My aunt and uncle’s house was filled beyond capacity with ten tame adults and what seemed like 117 wild children running around screaming, laughing, tattling, crying and snotting up the place. Like many family-filled homes, the heartbeat of the house was in the kitchen. My aunt doled out home-cooked food, hugs to everybody, and goodies to the grand-babies (everyone under 12 was a grand-baby, related or not). “I love you’s” were given as comfortably and casually as a glass of sweet tea and an arm thrown over your shoulders. I spent most of that first night half-present. Sometimes, I was catching up with my cousins, who, in my frozen picture of them, were still little girls, but, with the snap of time’s fingers, had somehow grown into women with husbands, children, mortgages, and college educations. I tried to just be with them, enjoy their quick wit and easy laughter. Too often, though, I was pulled back into the darkness of having only 34 days left in the States and the process of accepting the death of this future I had expected as a wife. Thankfully, my Arkansas family was impossible to ignore, and they made it impossible for me to stay in darkness. Drinking seemed like the best way to move from walking zombie to some semblance of normal. My uncle had rum; my aunt had Coca Cola. Bring on Thanksgiving.
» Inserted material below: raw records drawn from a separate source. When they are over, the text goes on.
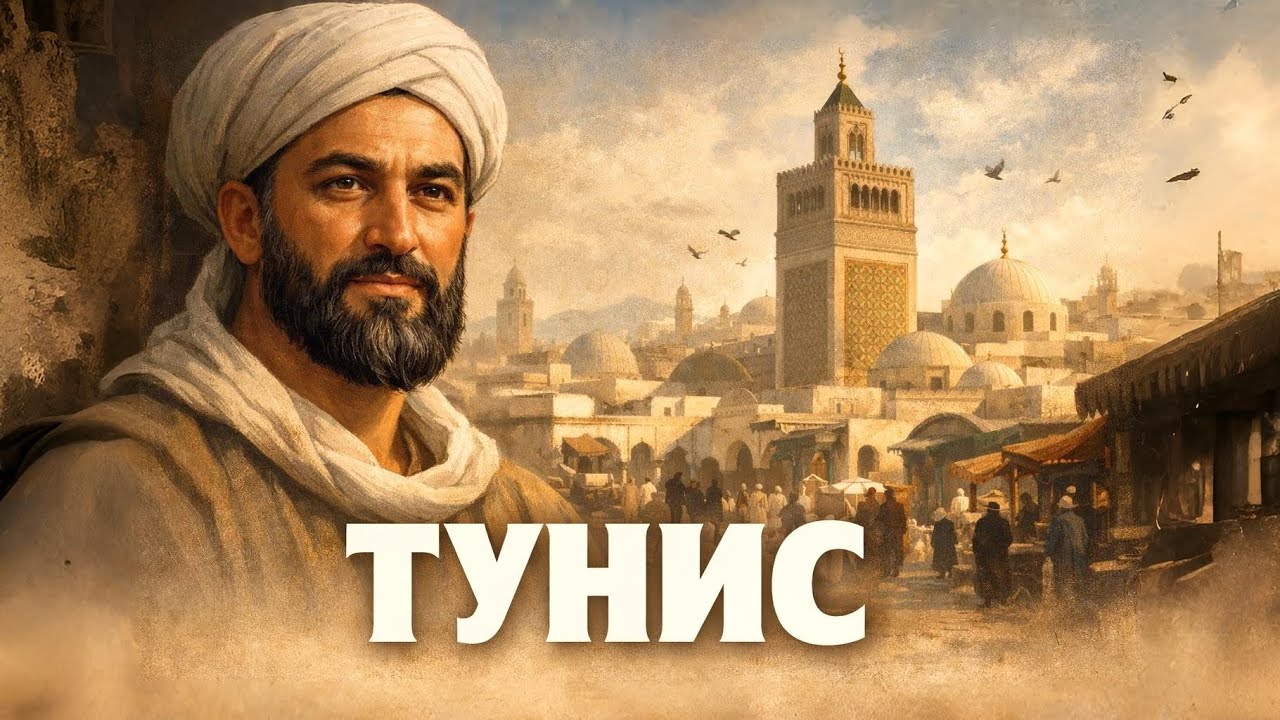ТУНИС: перекрёсток, где сталкивались империи | История на ночь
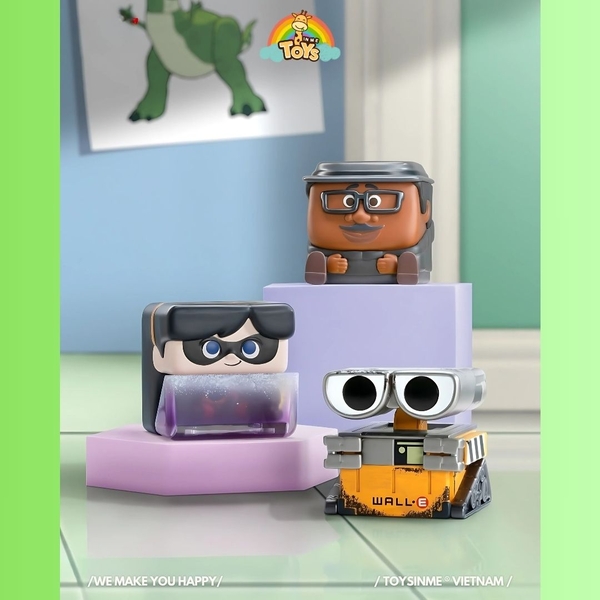 HỘP MÙ ĐỒ CHƠI DISNEY/PIXAR POP CUBE - 1 SERIES FIGURE BLINDBOX
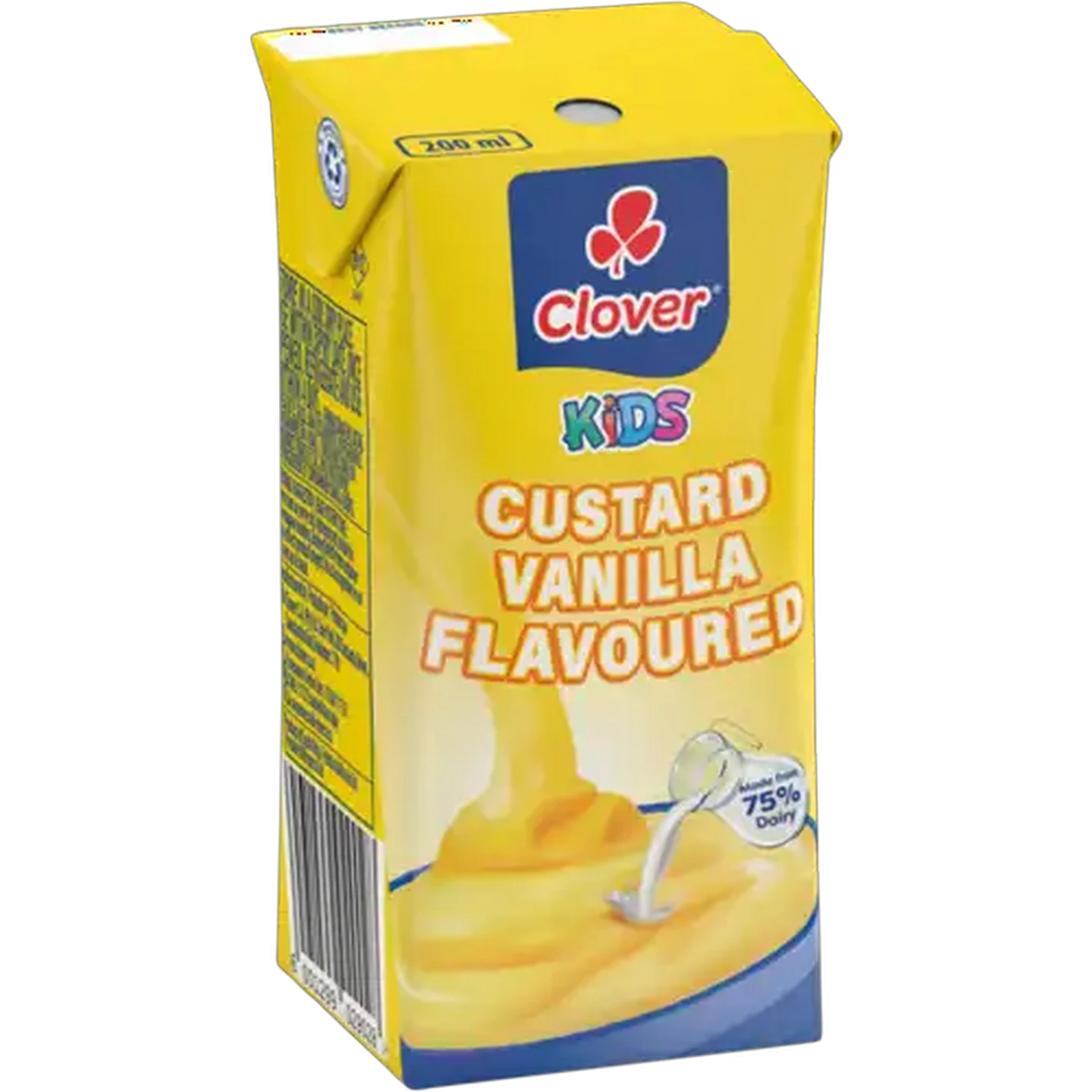 Image of Clover Kids Vanilla Flavoured Custard 200ml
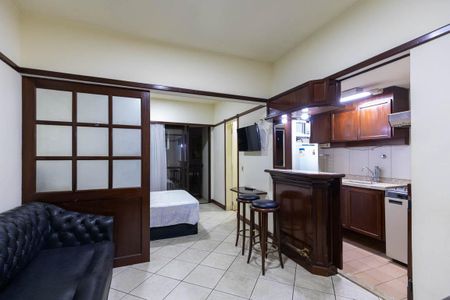 Sala de kitnet/studio para alugar com 1 quarto, 35m² em Campos Elíseos, São Paulo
Thanksgiving handled itself in the way that most Thanksgivings do: juicy bird, buttery rolls, mashed potatoes with lumps in all the right places, sweet corn, green beans, a hangover from the night before, and pants with lots of elastic. If food could fill cracks in a heart, than mine was benefitting from some of that spackling with my aunt Linda’s cooking. I almost felt ordinary that day. Not too sad. Not too miserable. The memory of being once content, of being okay, was with me. My boys were enjoying the kid-time and the freedom of being able to squeal and run, laugh and jump. I guess our house in Illinois had turned into a sort of hospital waiting room after their dad moved out–everything hushed and grey. Waiting for news. The boys appreciated the release of fun they were allowed to express in this house without feeling sad because mom was sad and crying, again. My oldest gave me a lot of hugs that weekend. I remember that so clearly. He must have been starved for the unspoken permission to simply touch me, to give me love, to wrap his arms around me and feel safe. Over the past year, I had walled myself in as a means to protect myself from spilling out in an uncontrollable, slimy mess of psychosis and mental breakdowns. But I had, regrettably, kept my sons outside those walls, too. My sons began to get their mom back that holiday weekend.
The time spent in the company of unconditional love on Thanksgiving gave me drops of hope in an otherwise empty cup. And my cup spilled all over the place when I let my family talk me into braving the crazies, and joining their ranks, on Black Friday.